Please use this identifier to cite or link to this item: http://dspace.univ-bouira.dz:8080/jspui/handle/123456789/16183
Title: Essential oils composition, antibacterial and antioxidant activities of hydrodistillated extract of Eucalyptus globulus fruits
Authors: Remini, Hocine
Madania, Khodir
Rigou, Peggy
Adjaouda, Abdennour
Boulekbache-Makhloufa, Lila
Khaled Khoudjaa, Nabyla
Keywords: Essential oils
GC/MS analysis
Antioxidant activity
Fruits
Eucalyptus globulus
Antibacterial activity
Issue Date: May-2016
Publisher: Université Akli Mohend Oulhadj Bouira
Citation: Université Akli Mohend Oulhadj Bouira
Abstract: Aromatic plants and their essential oils have been used since antiquity in flavor and fragrances, as condiments or spices, in medicines, as antimicrobial/insecticidal agents, and to protect stored products. The present study was undertaken: to determine (:) the chemical composition of essential oils extract from Eucalyptus globulus (E. globulus) fruits, using Gas-Chromatography coupled with Mass Spectrometry (GC/MS) method, to examine their antioxidant activity (DPPH’, reducing power and lipid peroxidation inhibition assays) compared to that of Butylated hydroxyanisole (BHA) standard, and to estimate their antibacterial effects against reference pathogenic strains: Staphylococcus aureus (S. aureus), Bacillus subtilis (B. subtilis), Listeria innocua (L. innocua), Escherichia coli (E. coli), Pseudomonas aerugenosa (P. aerugenosa), compared to that of two antibiotics (tetracycline and gentamicin).

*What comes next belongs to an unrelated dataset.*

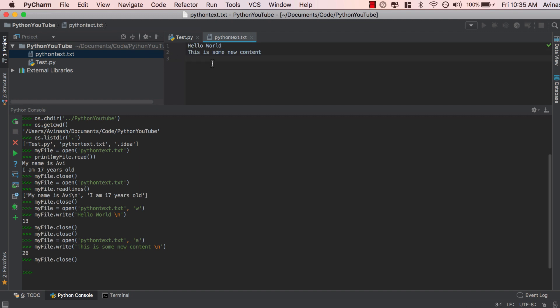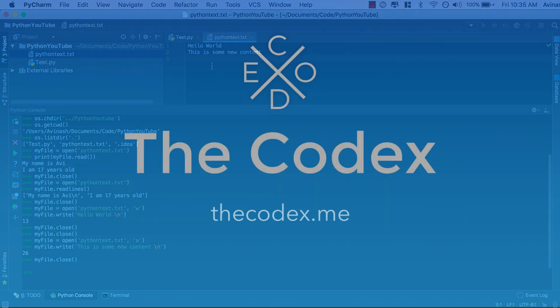This was the basics of file input and output. We covered OS functions: how to change your directory, get the current working directory, and list all files in your current directory. Then we were able to read, write, and append to files. Fantastic job, guys. Don't forget to like, share, and subscribe, and I'll see you in the next video.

Twenty eight volatile compounds were identified, with the predominance of sesquiterpenes and oxygenated sesquiterpenes compounds (61.2%). The results of the antioxidant activities (DPPH scavenging activity, reducing power and inhibition of lipid peroxidation activity) of essential oils extract revealed weak activities with IC50 values of 27.0 ± 0.2 mg mL−1, 32.9 ± 1.8 mg mL−1 and 4.9 ± 0.2 mg mL−1, respectively; as compared to those of Butylated hydroxyanisole (BHA) standard that were about 0.05 ± 0.0 mg mL−1, 0.03 ± 0.0 mg mL−1 and 0.5± 0.2 mg mL−1, respectively. The antibacterial activity shows an inhibition effect of essential oils extracts against all the tested bacteria with MIC of 3 and 4 mg mL−1. A bactericidal effect is observed, with MBC varying between 3.6 and 9.0 mg mL−1, which demonstrates the sensibility of all tested bacteria to the essential oils of E. globulus fruits.